Tuesday, January 10, 2012

More about political microtargeting as data science

Two interesting articles about how campaiging is being influenced by data science.

From Slate: Anatomy of a narrow victory: Romney's Iowa win took a lot more than money

And from BusinessWeek (HT Dad): OBAMA Campaign’s Secret Weapon: Geeks.


(Photo from BW.  Love the github ref.)

A few observations on data versus money, data-driven decision making, and whether we really want more data in politics...



First, according to Slate, Data > > Money.  I wish that were more true.  As a grad student, I have a lot of data, but not so much money.

Second, it's interesting that the Obama article dwells on culture clash between the geek-wizards doing the data mining, while the Romney article paints it as a seamless strategic component of the campaign.  I don't want to make too much of this, but are the Republicans more at home with data?

Third, political microtargeting is decision-ready.  Look at home many decisions about messaging, media strategy, and resource allocation flow from

Finally, for those of you who care about quality of democracy, this is a really interesting development.  It's not much of a stretch to say that campaigns now know more about your political preferences than you do yourself.

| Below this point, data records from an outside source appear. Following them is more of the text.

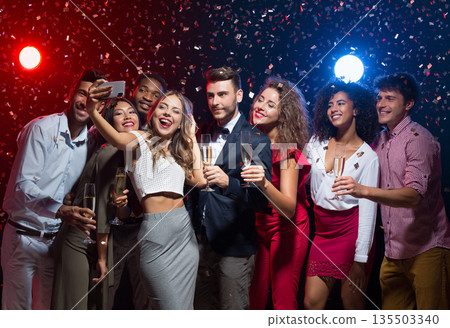 Holiday group selfie. Young friends having fun at New Year's Eve party and taking photo, copy space Holiday group selfie. Young friends having fun at New Year's Eve party and taking photo, copy space 135503340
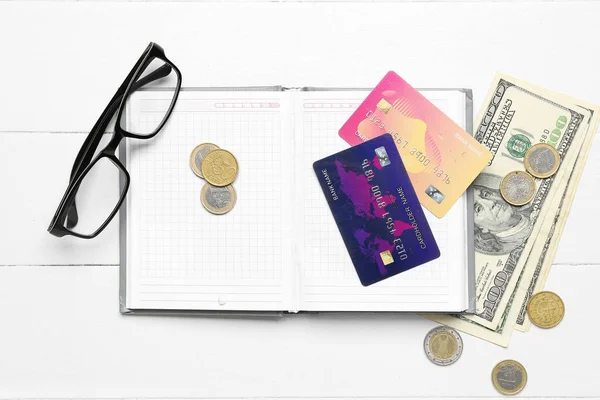 Cuaderno Abierto Con Tarjetas Crédito Dinero Anteojos Sobre Mesa Madera —  Fotos de Stock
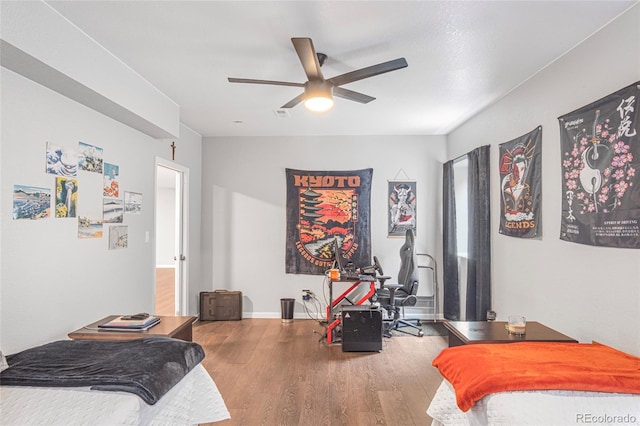 bedroom with ceiling fan and wood-type flooring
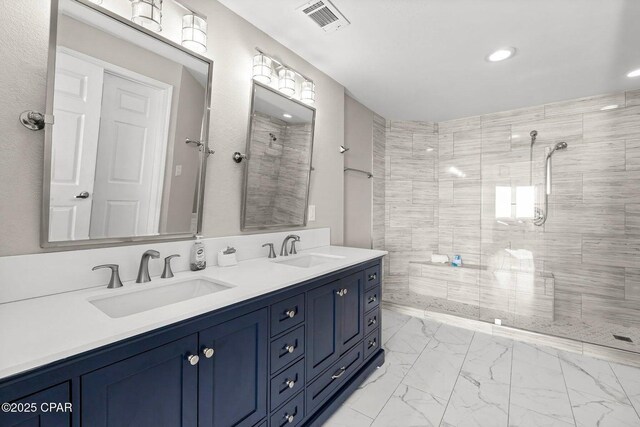 bathroom with vanity and tiled shower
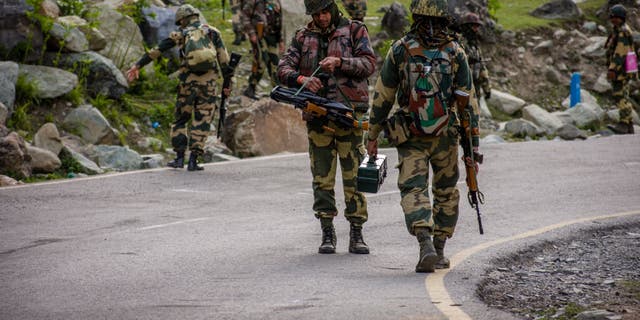 Indian Border Security Force soldiers patrol the area as an Indian army convoy passes through on a highway leading toward Leh, bordering China, in Gagangir, India, on June 19, 2020.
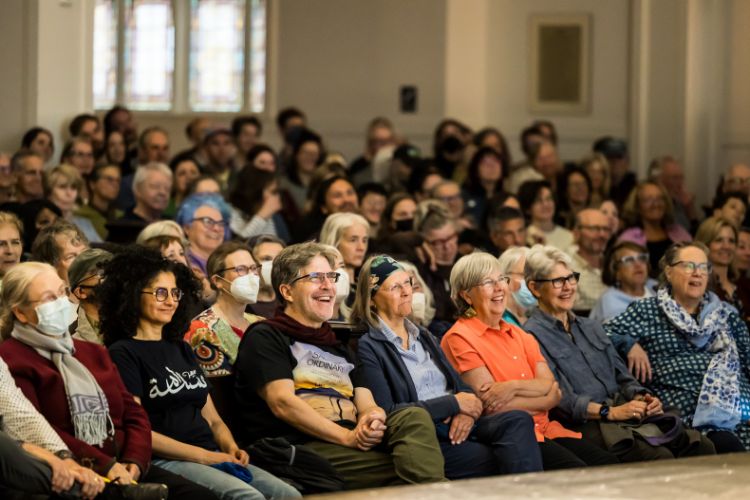 The Town Hall audience laughs along with Rebecca Solnit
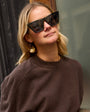 Woman wearing sunglasses and a brown sweater with gold sequin hoop earrings against a blurred background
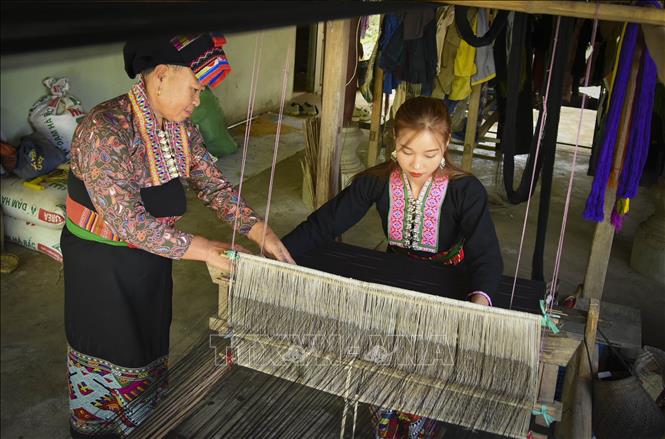 Phụ nữ dân tộc Lào truyền dạy nghề dệt vải thổ cẩm cho thế hệ trẻ. Ảnh: Xuân Tư – TTXVN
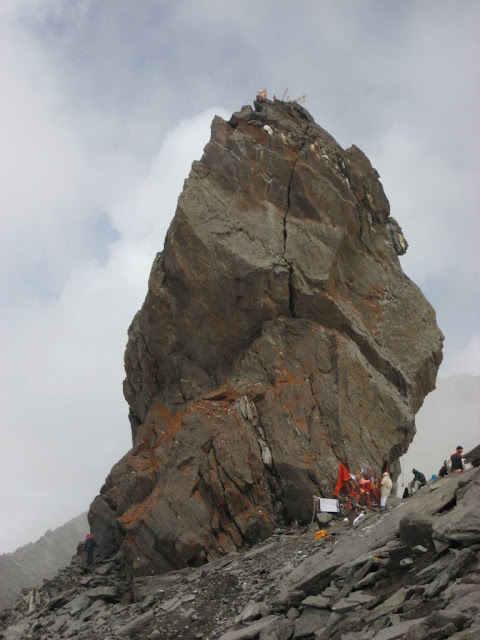 Shrikhand Mahadev Trekking : A wonderful journey through clouds (25th - 30th July 2008): Posted by VJ SHARMA on www.travellingcamera.com :Shrikhand Mahadev Trek (It was a trekking for us)Shrikhand Mahadev is situated at an height of 18,700 ft. above sea level in the Great Himalayan National Park of Himachal Pradesh, India. Trek for Shrikhand mahadev starts from Jaon village in Nirmand region of Kullu district (Himachal Pradesh)RAMPUR-NIRMAND:Satluj river view from roadside between Rampur & Nirmand.JAON VILLAGE: Jaon village is in Nirmand region of Kullu District from where this trekking starts. Don't expect that you can buy few things from this place. So its better to buy the important/useful stuff from Shimla. If you haven't contacted any adventure club for planning this trek for you, then give it a second thought at this place. You can hire a coolie here who can also help you to complete this trek in better way. (Ask for a person called Dhola Ram who can help you for the same)Broken down mud-house on the way to Shrikhand MahadevThere were three dogs in this house to take care of an apple orchid near Jaon village.Small rickety bridge over mountain stream on way to Shrikhand Mahadev (Near Jaon Village)Solitary apple hanging from tree on way to Shrikhand Mahadev. There are lot of apple orchids between Jaon village and Singh Ghat.SINGH-GHATShrikhand river flowing near Singh GhatBarahati:A bubbly and frothing mountain stream on way to Shrikhand Mahadev (Near Barahati)Thacharu : Singh-Ghat to Thacharu is steep stretchA pitched tent on way to Shrikhand Mahadev (Thachru)Valley of Flowers:Beautiful view of Clouds moving around mountains on the way to Shrikhand Mahadev (Near Valley of Flowers)Beautiful view of mountains and clouds from Valley of Flowers on trek to Shrikhand MahadevMountain in shadow on way to Shrikhand Mahadev. You can also see full moon in this pic. This is early morning. Most of the pictures here are shot between 6:00 am & 8:00am. After that it becomes very difficult to see things due to clouds. But its a great feeling to walk through clouds...Shadow of one mountain on top of another on way to Shrikhand MahadevKaali Ghati: This is a hill top, where we reach by crossing 4 hills after Thachru. All are 75 degree steep hills.View of Shrikhand Mahadev from Kaali Ghati: Shrikhand shivalingam can be clearly seen from Kaali ghati before 7:30 am. After that clouds cover the whole area and visibility radius reduces to 15 meters.Bheem Dwari: Bheem Dwari is a beautiful valley on the way to Shrikhand Mahadev. It surrounded by lot of waterfalls from hills covered with snow.Wonderful waterfall view from Bheem Dwari..A small part of longest waterfall in Shrikhand Mahadev Trek...Parvati Bag: Parvati Bag is a place where you see grass last time durin the trek to Shrikhand, the final destination. After this place Rock hills starts with clouds at ground level. So we were literally in clouds after Parvati Bag.Clouds, and sunlight over a mountain on trek to Shrikhand Mahadev (This is morning view from Parvati Bag, when we started third say trek for our final destination: Shrikhand Mahadev)Pitched tent on way to Shrikhand Mahadev (We spent two nights in Parvati Bag)Sunlight coming through hill top : Wonderful view from Kali ghatiSun light crossing though hills...Nain SarovarMountain shadow convering Nain sarovar on the way to Shrikhand Mahadev...DHOLA RAM JI Porter enjoying a cigarette break on way to Shrikhand MahadevCloud Store @ Bheem Paudi (Strains to heaven)Fellow trekkers climbing rock hills between Nain Sarovar and Shrikhand MahadevGlaciers between Nain Sarovar and Shrikhand Mahadev...Rock-made shivalingam on the great heights of mountains. The shivalingam is 72 feet high and stands still at the mountain top, above 18,000 ft altitude.SHRIKHAND MAHADEV TREKKING: Rock-made shivalingam on the great heights of mountains. The shivalingam is 72 feet high and stands still at the mountain top, above 18,000 ft altitude.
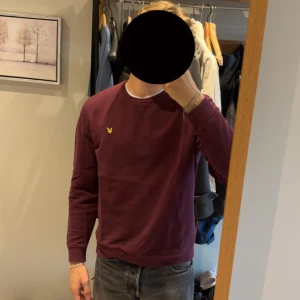 Vinröd sweatshirt från Lyle & Scott - Säljer en vinröd sweatshirt från Lyle & Scott med klassisk rund hals och gul logotyp på bröstet. Tröjan har långa ärmar, ribbade muddar och är gjord i mjuk bomull. Perfekt för chill dagar och enkel att matcha med jeans eller joggers.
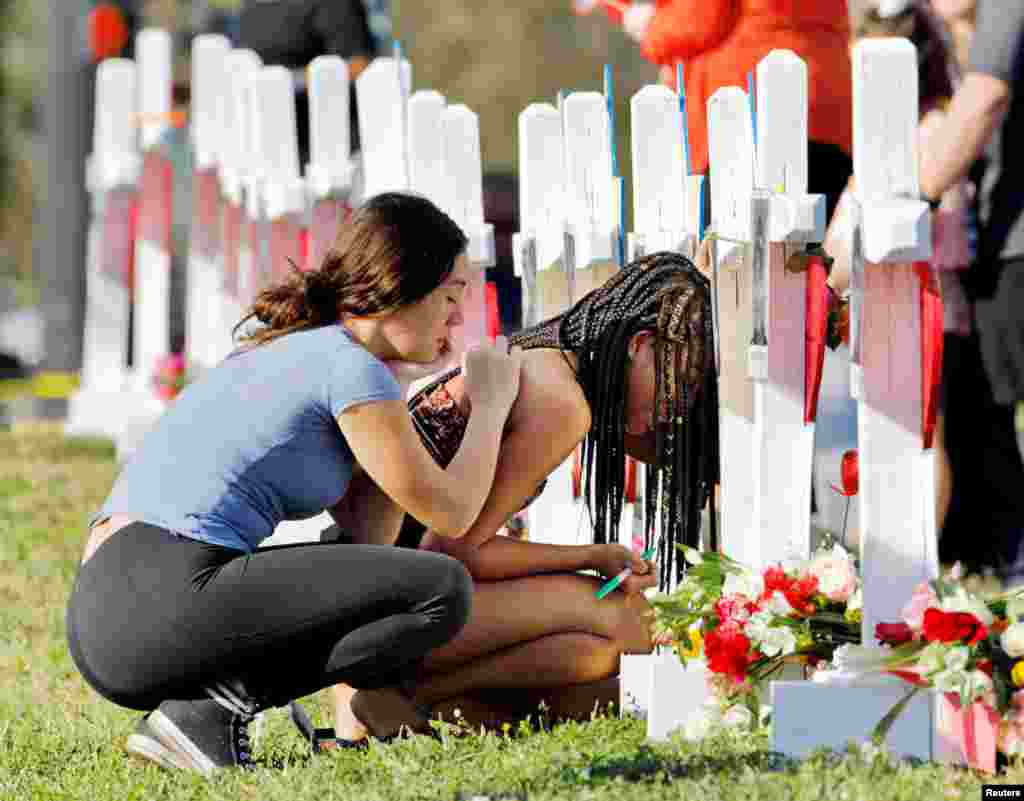 A senior at Marjory Stoneman Douglas High School weeps in front of a cross and Star of David for shooting victim Meadow Pollack while a fellow classmate consoles her at a memorial by the school in Parkland, Florida, Feb. 18, 2018.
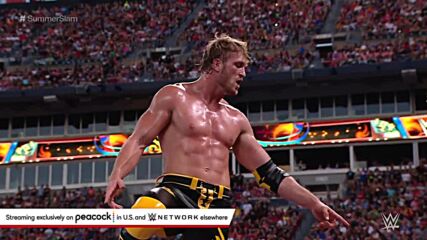 Logan Paul goes sky-high for a frog splash onto The Miz through the announce table: SummerSlam 2022 (WWE Network Exclusive)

Quasi-proof: can you guess what message would be most persuasive to yourself?  Not really, especially since you don't know the whole set of messages.  Microtargeting puts that information in the hands of campaigns.  They can't answer perfectly for every individual, but they can maximize the impact of their messages within clusters of voters.

So what do we make a democracy where the campaigns know more than the voters?  It seems like we *want* politicians to know more about us -- what we believe, what we want, what our priorities are.  But at the same time, microtargeting feels a little creepy.  It makes me worry about privacy and  information asymmetry.


What do you think?  Is microtargeting a tools that helps politicians listen better, making them more accountable and better able to bring the messages that matter to the public?  Or does microtargeting turn elections into a farce, where candidates sell snake oil and blow smoke with maximum efficiency?